## EXERCISE INSTRUCTIONS
Copy the data that follows, exactly and completely.

Web page caption snippets
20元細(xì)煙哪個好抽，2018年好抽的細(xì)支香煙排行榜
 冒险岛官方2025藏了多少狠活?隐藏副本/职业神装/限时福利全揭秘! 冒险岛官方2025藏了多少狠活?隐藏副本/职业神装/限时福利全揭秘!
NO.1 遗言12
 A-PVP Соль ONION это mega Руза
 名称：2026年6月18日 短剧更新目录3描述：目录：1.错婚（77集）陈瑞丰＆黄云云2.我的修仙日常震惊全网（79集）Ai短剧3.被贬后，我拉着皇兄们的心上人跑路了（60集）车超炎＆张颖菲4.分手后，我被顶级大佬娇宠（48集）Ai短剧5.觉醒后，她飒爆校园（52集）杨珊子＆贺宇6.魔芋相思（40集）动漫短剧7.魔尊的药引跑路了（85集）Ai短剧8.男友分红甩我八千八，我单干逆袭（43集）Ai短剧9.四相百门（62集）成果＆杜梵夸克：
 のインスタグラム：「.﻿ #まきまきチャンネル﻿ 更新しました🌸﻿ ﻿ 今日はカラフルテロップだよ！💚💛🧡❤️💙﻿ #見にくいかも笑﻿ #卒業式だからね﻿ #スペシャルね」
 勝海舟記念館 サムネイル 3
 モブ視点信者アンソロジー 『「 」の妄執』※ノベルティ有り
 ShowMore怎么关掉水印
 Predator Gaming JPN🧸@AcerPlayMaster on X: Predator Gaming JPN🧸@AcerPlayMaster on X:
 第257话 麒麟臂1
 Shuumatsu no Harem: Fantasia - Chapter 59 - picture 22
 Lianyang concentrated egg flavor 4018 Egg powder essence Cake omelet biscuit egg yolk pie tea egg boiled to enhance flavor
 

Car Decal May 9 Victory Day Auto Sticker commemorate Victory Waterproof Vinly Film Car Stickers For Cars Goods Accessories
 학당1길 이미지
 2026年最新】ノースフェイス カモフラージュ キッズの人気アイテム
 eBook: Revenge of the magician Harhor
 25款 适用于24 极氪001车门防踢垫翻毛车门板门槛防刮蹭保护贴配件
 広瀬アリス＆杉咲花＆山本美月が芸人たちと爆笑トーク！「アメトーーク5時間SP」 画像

## ANSWER SPACE
20元細(xì)煙哪個好抽，2018年好抽的細(xì)支香煙排行榜
 冒险岛官方2025藏了多少狠活?隐藏副本/职业神装/限时福利全揭秘! 冒险岛官方2025藏了多少狠活?隐藏副本/职业神装/限时福利全揭秘!
NO.1 遗言12
 A-PVP Соль ONION это mega Руза
 名称：2026年6月18日 短剧更新目录3描述：目录：1.错婚（77集）陈瑞丰＆黄云云2.我的修仙日常震惊全网（79集）Ai短剧3.被贬后，我拉着皇兄们的心上人跑路了（60集）车超炎＆张颖菲4.分手后，我被顶级大佬娇宠（48集）Ai短剧5.觉醒后，她飒爆校园（52集）杨珊子＆贺宇6.魔芋相思（40集）动漫短剧7.魔尊的药引跑路了（85集）Ai短剧8.男友分红甩我八千八，我单干逆袭（43集）Ai短剧9.四相百门（62集）成果＆杜梵夸克：
 のインスタグラム：「.﻿ #まきまきチャンネル﻿ 更新しました🌸﻿ ﻿ 今日はカラフルテロップだよ！💚💛🧡❤️💙﻿ #見にくいかも笑﻿ #卒業式だからね﻿ #スペシャルね」
 勝海舟記念館 サムネイル 3
 モブ視点信者アンソロジー 『「 」の妄執』※ノベルティ有り
 ShowMore怎么关掉水印
 Predator Gaming JPN🧸@AcerPlayMaster on X: Predator Gaming JPN🧸@AcerPlayMaster on X:
 第257话 麒麟臂1
 Shuumatsu no Harem: Fantasia - Chapter 59 - picture 22
 Lianyang concentrated egg flavor 4018 Egg powder essence Cake omelet biscuit egg yolk pie tea egg boiled to enhance flavor
 

Car Decal May 9 Victory Day Auto Sticker commemorate Victory Waterproof Vinly Film Car Stickers For Cars Goods Accessories
 학당1길 이미지
 2026年最新】ノースフェイス カモフラージュ キッズの人気アイテム
 eBook: Revenge of the magician Harhor
 25款 适用于24 极氪001车门防踢垫翻毛车门板门槛防刮蹭保护贴配件
 広瀬アリス＆杉咲花＆山本美月が芸人たちと爆笑トーク！「アメトーーク5時間SP」 画像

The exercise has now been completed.